Der Geschäftsführer von 91 Fastfood-Filialen ist bereits seit Längerem für eine straffe Geschäftsführung bekannt. Arbeitsbedingungen, Tariflöhne und Betriebsratsarbeit schienen ihn wenig zu begeistern. Dafür die Gewinnspanne. Das Wallraff-Team machte nun die Probe aufs Exempel und prüfte vor laufender Kamera die Hygiene- und Arbeitszustände in fünf verschiedenen Filialen. Das Ergebnis ist erschreckend – das Ausmaß tatsächlich unerwartet extrem. Eine Mitarbeiterin putzt mit bloßen Händen die Toilette, im Anschluss wirft sie das Fleisch auf den Grill. Abgelaufene Lebensmittel werden umetikettiert und an den Kunden gebracht und Laborproben aus der Küche haben Darmbakterien nachgewiesen. Die Reaktion in den sozialen Kanälen war vorauszusehen: Empörung. Sie ist blankes Kalkül der Enthüllungs-Doku. Der Multiplikator Empörung ist beste PR für das Wallraff-Team und zwingt betroffene Unternehmen Stellung zu beziehen. Zalando kommunizierte nach Lehrbuch – Burger King ließ sich nun Zeit. Dennoch macht die Pressestelle vieles richtig. Klar ist: Die Sendung verschafft Kommunikationsabteilungen viel Arbeit. Es zeigt sich schnell, wer Krisenkommunikation beherrscht. Doch leistet die Sendung mehr?

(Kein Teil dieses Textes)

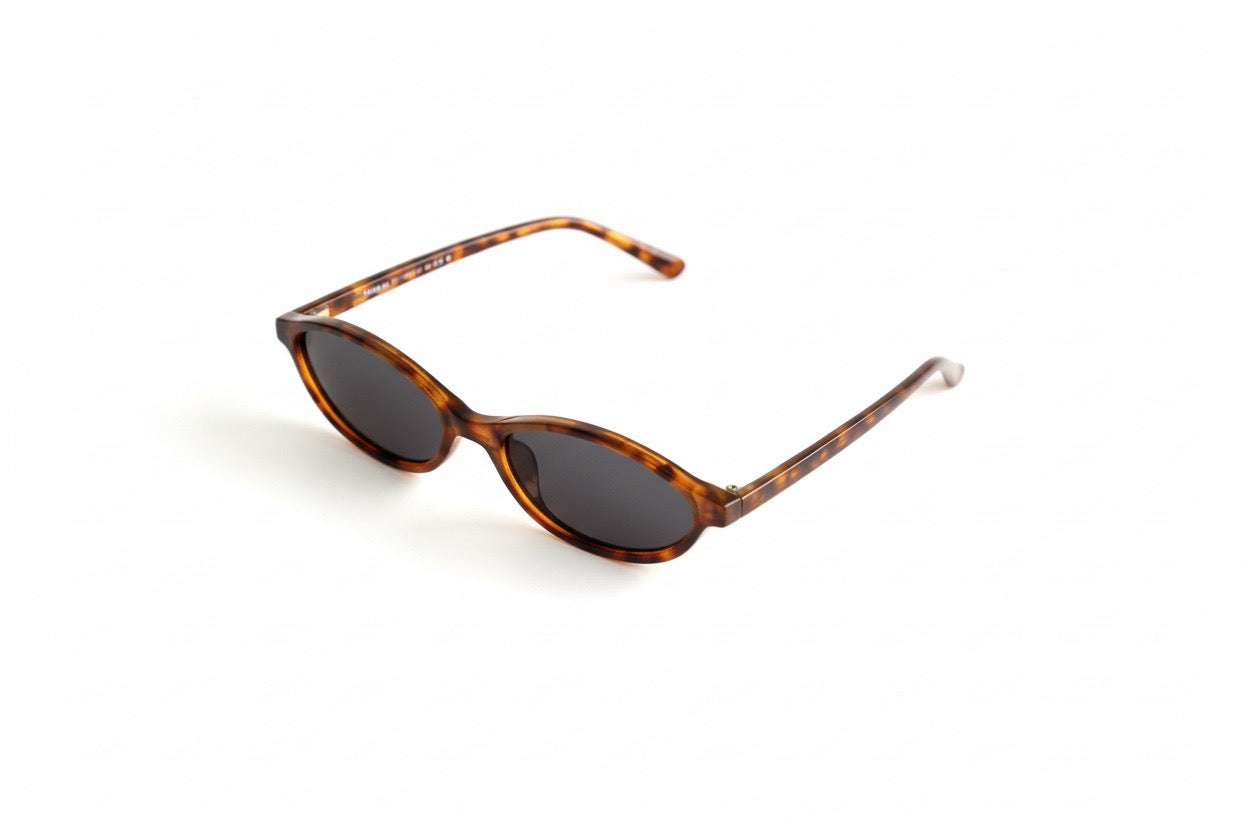 Óculos de Sol Ovais Cat Eye Castanhos com Lentes Pretas ♻️ 400 UV, Cat 3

Die Erkenntnisse aus der Sendung `Team Wallraff deckt auf` sind ungewollt banal. Das Team deckt nicht auf, wie der Titel glauben machen will, sondern hält die Kamera drauf: auf hinreichend bekannte Arbeitsbedingungen der deutschen Wirtschaft. Unwürdige Arbeitsbedingungen, miserable Bezahlung und unbezahlte Überstunden sind Alltag. Die Ohnmacht vor der Finanzmacht und die existenzielle Abhängigkeit von der Lohnarbeit lassen Arbeitnehmer schweigen – auch bei RTL. Die Konsequenzen erleben wir. Wallraff schafft Öffentlichkeit, die Netzgemeinde ist empört, und alles bleibt, wie es war.